For a fleeting moment, Parliament’s warring clans found common cause: to take down Ursula von der Leyen’s €2 trillion budget plan. But as soon as the Commission president tweaked her proposal to avert a rebellion, the pro-European coalition’s fragile unity shattered.

Von der Leyen’s “rural target” proposal and her offer to give Parliament a stronger say were supposed to defuse anger over her plan to merge farm and regional funds in the next seven-year spending framework. Instead, they reignited old feuds.

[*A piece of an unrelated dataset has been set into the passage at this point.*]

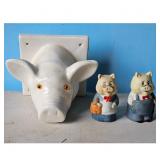 Vintage Ceramic Pig Wall Pocket & 2 Pig Bells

On Wednesday, Socialist leader Iratxe García dismissed the revisions as “window dressing,” warning that key social programmes such as ESF+ remain underfunded and that cohesion spending, along with Parliament’s budgetary prerogatives, are being sidelined. The Greens and Renew applauded the concessions but grumbled that they fell short of expectations.

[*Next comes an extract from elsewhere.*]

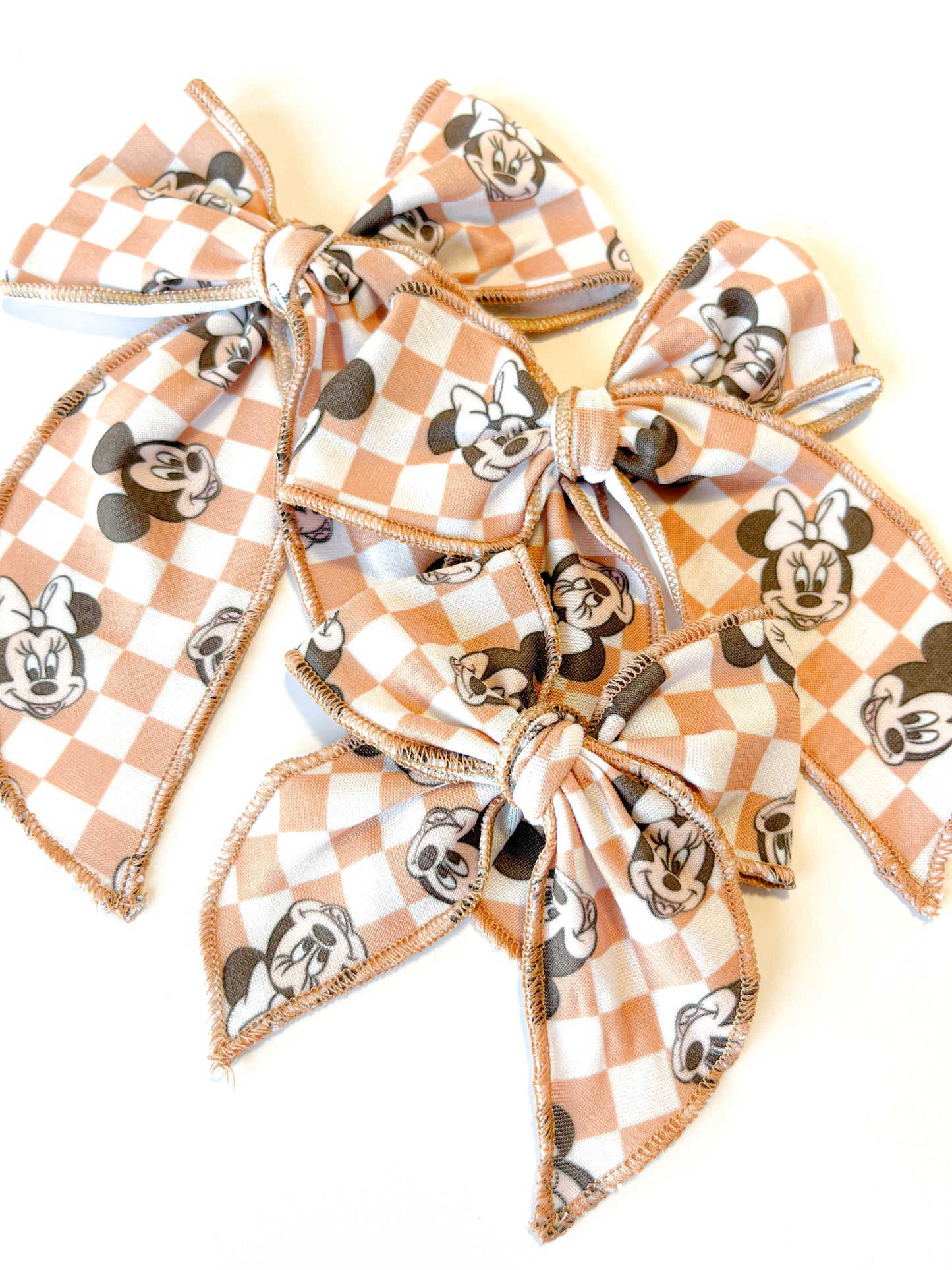 Tan Checkered Modern Mouse Bow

The only ones smiling were in von der Leyen’s camp. “We see many of our priorities reflected,” said EPP boss Manfred Weber, who only a week earlier had threatened to block the plan.

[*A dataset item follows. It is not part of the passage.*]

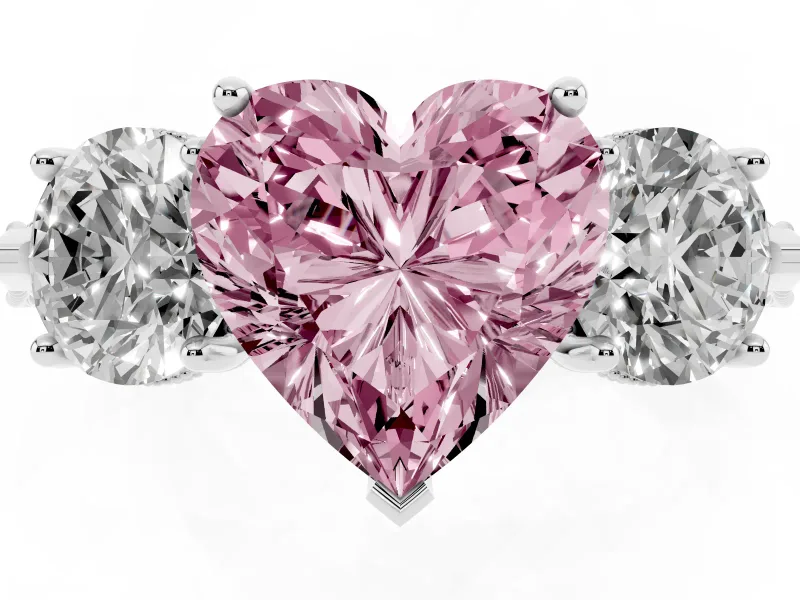 Fancy Pink Heart Cut Diamond Three-Stone Ring Set in Silver with Milgrain Band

Asked by my colleague Jacob Wulff Wold whether the Commission’s changes catered more to EPP talking points than to Parliament’s broader concerns, EPP negotiator Siegfried Mureșan dismissed the charge. “The analysis saying the Commission pleased the EPP more or the S&D more is wrong,” he said.

If Monday’s climbdown revealed a Parliament at odds over the EU’s purse strings, today’s vote on business sustainability rules will show just how deep those divisions go.

MEPs are set to decide on rolling back corporate due diligence obligations, with the EPP courting support from the far-right Patriots for Europe, my colleagues Magnus Lund Nielsen and Nikolaus J. Kurmayer write. Such a deal would mark an unprecedented level of cooperation between the mainstream centre-right and the nationalist hard right.

“I am preparing the vote under the presumption that we will not find a compromise with EPP between now and tomorrow,” Rene Repasi, the Socialists’ negotiator, said last night.

Secret vote clouds 2040 climate target

Parliament takes up another crucial green file today – a plan to cut EU emissions by 90% from 1990 levels by 2040 – under a cloud of secrecy.

A Polish-led faction of the EPP, joined by MEPs from Hungary, Italy, France and even Germany, wants to water the target down to 83% and delay the EU-wide CO₂ price on fuels until 2030. The move would openly defy party boss Manfred Weber, who endorsed the original deal on Tuesday.

At the request of the hard-right ECR and far-right PfE, the vote will be held in secret – the second such procedure this month. The rule is meant to allow MEPs to vote in line with their conscience, but the provision is now being used to sow division, progressive lawmakers said.
Russian assets row could cost the EU

EU capitals will shoulder a “substantial financial burden” if the Commission’s plan to use €140 billion worth of immobilised Russian assets to support Ukraine falls through, EU economy chief Valdis Dombrovskis warned late on Wednesday.

Speaking to reporters after a meeting of eurozone finance ministers in Brussels, Dombrovskis said the EU executive was still pressing Belgium to drop its veto on the so-called reparation loan, while also examining fallback options. He cautioned that these alternatives would place a “heavy fiscal burden on member states.”

Options under discussion include issuing joint EU debt or providing bilateral national grants.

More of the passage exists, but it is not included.